The Woman in the Wall
Page 11
"August nineteenth?" Andrea looked startled. I thought I knew why, but I had to ask.
"Why are you surprised?" I asked.
"Because—because I don't see why somebody like you should be friends with Kirsty," she answered, looking mulish.
"Kirsty has other friends my age," I said confidently. Hadn't Kirsty said a ninth-grade girlfriend once invited her to a dance? "But that's not what surprised you," I pursued, with freshening courage. "You were surprised by the day I was born."
Andrea shrugged dismissively. "I used to know somebody with that birthday, that's all."
I smiled. She didn't say she was surprised because it was the same as her own birthday, which would be reasonable.
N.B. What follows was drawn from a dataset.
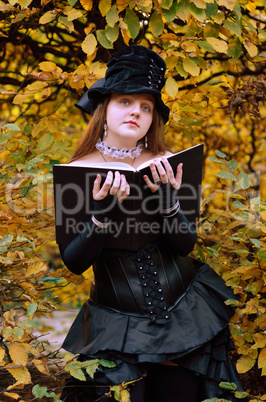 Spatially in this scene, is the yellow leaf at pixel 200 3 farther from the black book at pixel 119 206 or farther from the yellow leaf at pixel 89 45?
the black book at pixel 119 206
No, she said that she used to know somebody else with that birthday.
Foster frowned. "Weren't you born in August?" he asked.
"Y-es," Andrea admitted reluctantly. "That day. The nineteenth."
"Do I look like her?" I asked boldly, removing the mask from my eyes.
Andrea became very still. Then she turned her head and stared at me for a long, time-without-end moment. Her eyes searched mine. She examined my face, my hair, my waving antennae, my dress. Her eyes swept back up to mine.
"Excuse me," she said and, gathering up her mermaid's tail, she fled out of the room.
"Wuh-ho!" exclaimed Foster. His handsome face went stupid with amazement. He looked at me. "Huh?" he inquired. He seemed to be groping for the power of human speech and failing.
Unable to explain, I fell back on my usual conversational ploy with Foster Addams. "Shall we dance?" I suggested, with an insouciant little wave of the hand.
At that moment, Kirsty and F appeared. Finally. Kirsty had removed her head-mask and F his faded flowered sheet in order to gape at Foster and me.
Foster Addams did not seem to see them, although they were standing at his elbow. "Are you really only fourteen?" he asked, wrapping his arms around me again and beginning to dance.
I nodded.
He drew back far enough to study my face. "I guess that's not that young," he said doubtfully. My age, however, did seem to put a damper on his enthusiasm. His grip was relatively loose and he didn't talk much. When the dance was over, he took my chin in hand again and smiled down at me.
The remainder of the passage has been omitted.